- Artist: Andrew Wyeth
- Year: 1947
- Type: tempera on hardboard
- Dimensions: 47 cm × 70 cm (181⁄2 in × 279⁄16 in)
- Location: National Gallery of Art; Washington, D.C.;

= Wind from the Sea =

1947 painting by Andrew Wyeth

Wind from the Sea is a 1947 painting by the American artist Andrew Wyeth. It depicts an inside view of an open attic window as the wind blows the thin and tattered curtains into the room.

The painting is housed at the National Gallery of Art in Washington, D.C., it is on view in the East Building on the Ground Level in Gallery 106C.

==Creation==
The house belonged to Wyeth's friends Christina and Alvaro Olson who lived on the coast of Maine. The window was located in an abandoned room on the third floor. Christina Olson was a frequent model for Wyeth, and would famously appear in the painting Christina's World about a year later. After opening a dormer window to cool down the attic he was working in, Wyeth was inspired by the way the incoming breeze brought life to the tattered curtains. In an attempt to capture the moment, he made a sketch on the same sheet of paper he had been using to draw Olson.

Following the initial sketch, Wyeth spent months making studies of the window in various materials. Images of the sketch overlapping Olson and other studies in various materials are present in Anderson and Brock's Andrew Wyeth: looking out, looking in that shows Wyeth's exploration of the drapery and composition.

== Symbolism ==
Wyeth believed in the ability of ordinary things to carry symbolism, "profound meaning," and rich emotion. The same is true for Wind from the Sea.
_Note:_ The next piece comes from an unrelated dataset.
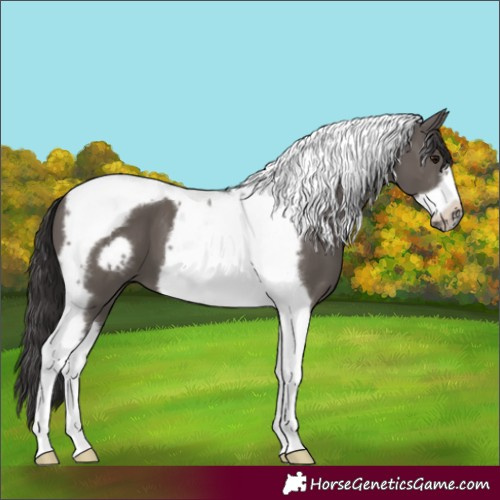 Horse Color:Smoky Grullo Tobiano Frame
Comparing the rigid window frame to Christina's resiliency, the decaying curtains to her disability, and the crocheted birds to her delicate and surviving femininity, Wyeth considered the painting to be a symbolic portrait of her.

The decaying interior, muted colors, and view of the cemetery that Christina, Alvaro Olson, and Wyeth himself would be buried in is typical of the somber style Wyeth adopted following his father's death.

==Provenance==
Clay Bartlett in Manchester, Vermont bought the painting from the artist in January 1947. It was sold to Charles Hill Morgan in Amherst, Massachusetts in 1952. In accordance with Morgan's will, it was on loan to the Mead Art Museum of Amherst College for 25 years following his death in 1984, after which it was donated it to the National Gallery of Art in 2009.